An international design competition to reimagine how the iconic Brooklyn Bridge could be made more accessible, safer and sustainable for pedestrians and cyclists has announced the finalists.

Some of the biggest names in the international urban planning world are among the finalists in the “professionals” category (ages 22 and up) of Reimagining Brooklyn Bridge, a competition that wants to rethink one of New York City’s most popular landmarks. The competition was launched by the New York City Council and Van Alen Institute with the aim of sparking a new public conversation about New York City’s infrastructure.

Bjarke Ingels Group (BIG) teamed up with Arup for their Back to the Future proposal, which seeks to remove cars and related ramps and provide more space for pedestrians, bikes and transit. It also proposes new innovations in autonomous mobility and public space design in an effort to create a stronger connection between downtown Brooklyn, Lower Manhattan and beyond.
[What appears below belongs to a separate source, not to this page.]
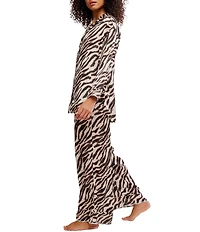 Free People Dreamy Days Zebra Print Satin Notch Collar Long Sleeve Wide Leg Oversized Pajama Set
Bridge X, from ScenesLab, Minzi Long and Andrew Nash, proposes a Brooklyn Bridge that reimagines the upper and lower decks to reclaim space for greater pedestrian and cyclist access, make room for vendors and small businesses, and offer new models of engagement with the bridge. Digital tools will enable visitors to more easily access, explore and experience the bridge.

Pilot Projects Design Collective, Cities4Forests, Wildlife Conservation Society, Grimshaw Architects, Silman and Natural Areas Conservancy joined forces for their Brooklyn Bridge Forest project, which turns the bridge into an icon of climate and social action. A dedicated bike path and reclaimed traffic lane create new space for cyclists and low-carbon transit, while biodiverse “microforests” at either end of the bridge bring nature to New York City and serve as green spaces for underserved communities.

The winner will be announced in late summer.